Simulations are developed to mirror system functional features. These virtual models, known as digital twins, can be programmed with specific tools provided for manufacturers of automation systems (Guerra-Zubiaga et al. 2021), but these tools are usually complex and expensive, therefore not oriented for training. For that reason, the authors propose to use open graphics engines, such as Unity 3D or Unreal Engine, that are generally used for the development of video games but that increasingly include frameworks oriented to applications in engineering, marketing or architecture (Schluse and Rossmann 2016). Besides, these engines allow to speed up the script programming, due to the wide variety of reusable code available.

Finally, cybersecurity is extremely important in the context of Industry 4.0. Mechanisms to protect the infrastructure from attacks or unauthorised accesses have to be used. For this end, a demonstration model on Industry 4.0 has to segment the network architecture and use industrial firewalls. A criterion to select a firewall for the industrial network should be the support of application-level filtering of the specific protocols used in the network, a feature not too widespread (Francia Iii, Francia, and Pruitt 2016). Commercial solutions, such as Tofino Xenon or Stormshield SNi40 or an ad-hoc solution with this feature could be used. Another important aim is to improve the protection of the network perimeter. For that purpose, it is appropriate to require Virtual Private Networks (VPN) for external access, using a tunneled and encrypted communication (Lezzi, Lazoi, and Corallo 2018).

In Figure 1, the proposed guidelines described in this section to develop demonstration models in Industry 4.0 are summarized. For each enabling technology, the main characteristics and the tools proposed to use are indicated. In addition, the figure includes the educational demands required in the Industry 4.0 technical domain, as well as the relationship between these and the corresponding enabling technologies, depicting which enabling technologies contribute to the achievement of each educational demand. First, state-of-art knowledge is a transversal educational demand that refers to all the enabling technologies of Industry 4.0, since students need to have essential notions and knowledge about all these technologies in order to subsequently be able to implement them correctly. In addition, value-added automation operations are achieved with corresponding innovations in automation and robotics, as well as system integration, which enables the interconnection of different devices and instrumentation.

Figure 1. Guidelines to develop a demonstration model on Industry 4.0.

On the other hand, as far as information and communication technologies (ICT) are concerned, they are directly related to the connectivity between systems, the interconnection and exchange of information through different protocols, and the appropriate cybersecurity measures to prevent incidents from happening. Data collection is directly related to the tools developed for system integration, which allow obtaining data from different devices and equipment, and also to the communication protocols for connectivity between such equipment. In addition, data collection is also related to the simulations, which allow comparing the estimated data with those of real systems, and to cloud computing, which also provides various previously stored or processed data.
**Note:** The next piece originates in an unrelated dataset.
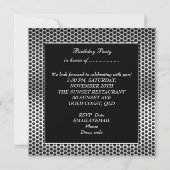 Mans  60e zilvermetaal Zwarte Dag Kaart (Achterkant)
Furthermore, the demand for data storage and processing takes place primarily in the cloud environment, where data of different kinds and origins that have been previously collected can be processed. Finally, innovation and entrepreneurship are also cross-cutting educational demands for all the enabling technologies of Industry 4.0, since students will need to come up with new ideas and novel proposals to meet the challenges that will arise in relation to these technologies, seeking to optimize production.

4. Proposed environment

The proposed guidelines are applied for the development of a demonstration model, which is based on an existing electro-pneumatic cell for classifying of pieces that is updated to the Industry 4.0 paradigm, through the incorporation of the enabling technologies mentioned above. The electro-pneumatic cell (Prada et al. 2015) has different subsystems, as it is shown in Figure 2, in order to replicate a production process. The first subsystem is a conveyor belt with pneumatic cylinders, which detects the presence of the pieces using photoelectric sensors, and a video camera to identify each one of the pieces by means of an alphabetical code printed on them. For each item processed, three different sequences for the pneumatic cylinders can be selected, which replicate various manufacturing processes applied to the pieces fed into the sorting cell. Another subsystem is a pneumatic manipulator, located at the end of the conveyor belt, whose function is to collect the pieces that have been already processed and redirect them to a set of storage lanes. In these storage lanes, the item will be classified depending on the code printed on it, read by the aforementioned video camera. Finally, the last subsystem is an industrial robot, in charge of loading the different pieces at the beginning of the conveyor belt in each work cycle, as well as picking up all the pieces stored in the different lanes at the end of the cycle.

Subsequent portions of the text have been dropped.